In today’s decision in Perry v Raleys Solicitors, the Supreme Court has over-turned the Court of Appeal’s decision, and confirmed the County Court judge’s approach to Mr Perry’s ‘loss of a chance’ claim against his former solicitors.

Mr Perry claimed that his former solicitors (who had acted for him on a personal injury claim arising out of ‘vibration white finger) had negligently failed to advise him that he could claim an additional amount as compensation for no longer being able to carry out various tasks around the home. He therefore ‘lost the chance’ to recover any amount in respect of that element of his claim.

In claims like this – where the claimant has lost the chance to pursue/win a previous claim due to the negligence of their lawyers – the general principle is clear: the court is not required to conduct a ‘trial within a trial’ and make a decision on whether the original claim would have succeeded or failed. Instead, they apply this formula: value of original claim x % chance of original claim = value of professional negligence claim against the lawyers. But that does not mean that every aspect of a loss of a chance claim must be decided on this basis. Since the Allied Maples decision in 1995, the rule has been:

  • When deciding what the claimant would have done, had the defendant not been negligent, the court makes a finding ‘on balance of probabilities’
  • But when deciding what a third party (such as a hypothetical judge) would have done or decided, had the defendant not been negligent, the test is ‘loss of a chance’.

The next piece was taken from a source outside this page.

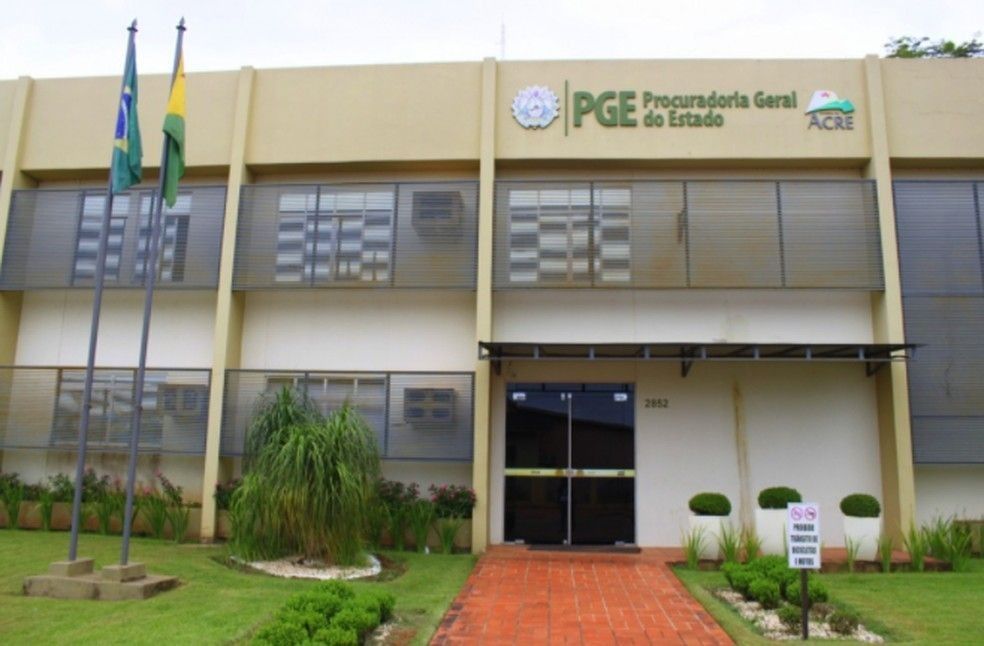 Atividades presenciais para servidores públicos retoma em Rio Branco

So in Perry v Raleys, the Supreme Court found that it had been perfectly proper for the County Court to have come to a decision about whether, on balance of probabilities, Mr Perry would have pursued an honest claim for loss of the ability to perform domestic tasks, had he been properly advised. The County Court had found – and the Supreme Court have now agreed – that on balance of probabilities, Mr Perry would not have pursued such a claim. The reason being that, in fact, Mr Perry had not lost the ability to carry out most of those tasks, and/or any impairment which he had suffered was not the result of the vibration white finger, but in fact the result of an unrelated injury.

Loss of a chance claims against lawyers tend to benefit claimants whose original claims were weak; even if they would probably have lost their original claim, they can nevertheless succeed against their negligent solicitors, so long as they can show that their original claim had at least a real and not just a fanciful chance of succeeding. Today’s decision reaffirms the limits of the application of the loss of a chance formula, and is also a good example of the limits of the tendency of such claims to favour a claimant whose original claim was weak.